In late November, men’s squash standout Todd Harrity ’13 dropped a pair of games but won both of his matches in the opening weekend of Princeton’s season. Over the next four months, he would not drop another game, defeating a steady procession of the best players in college squash.
Harrity’s impressive run culminated March 6, when he swept Cornell’s Nick Sachvie (11–6, 11–6, 11–8) to win the individual national collegiate championship in Hanover, N.H. The Philadelphia native became the first American to capture the men’s championship since 1990 and the first to win the title in college squash’s “soft ball” era. (Collegians switched from the “hard ball,” traditionally used in North America, before the 1994–95 season.)

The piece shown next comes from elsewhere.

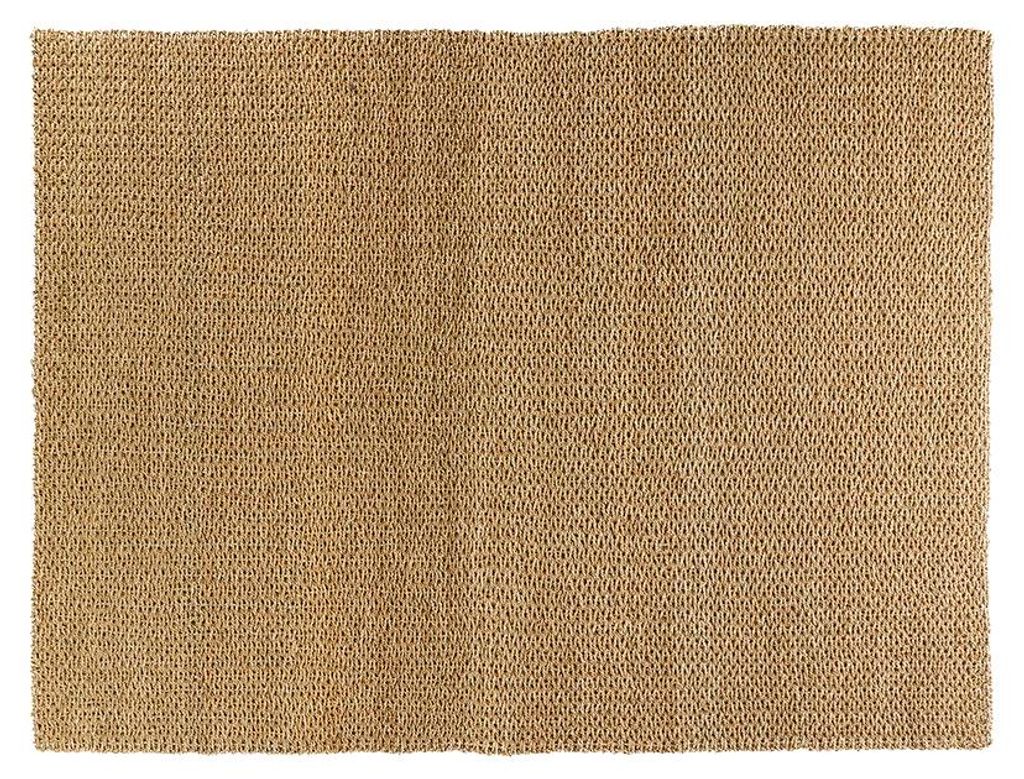 Bazar Bizar Der Sizali Teppich - Natur - 240x180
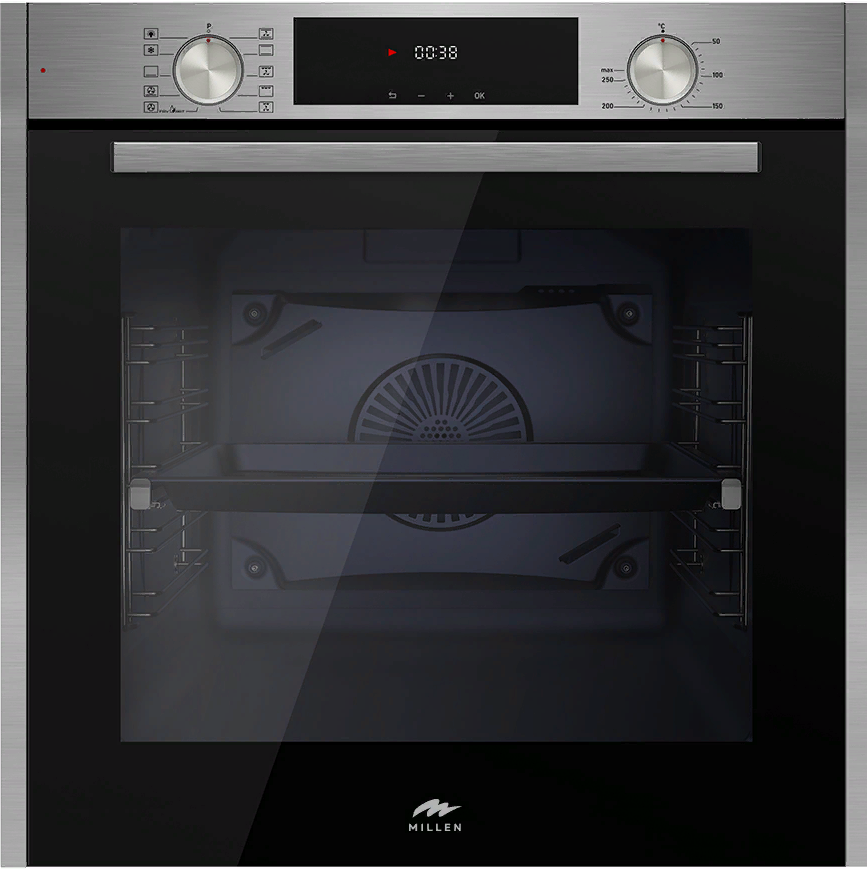 MILLEN MEO 6005 IX Фото товара: MILLEN MEO 6005 IX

According to Princeton coach Bob Callahan ’77, Harrity has extraordinary skills and a demeanor that suits his sport. “He’s a very low-key guy, both on and off the court,” Callahan said, “but underneath, there really burns a competitiveness that is remarkable — but well-contained.”Harrity’s rise was spurred partly by international experience in the offseason, including a trip to the Pan-American Games, where he played with the U.S. men’s team. Harrity had relied on mistake-free defense and excellent fitness, Callahan said, but after the Pan-Am Games, he developed a broader range of offensive options, changing his grip on backhand shots to be more aggressive.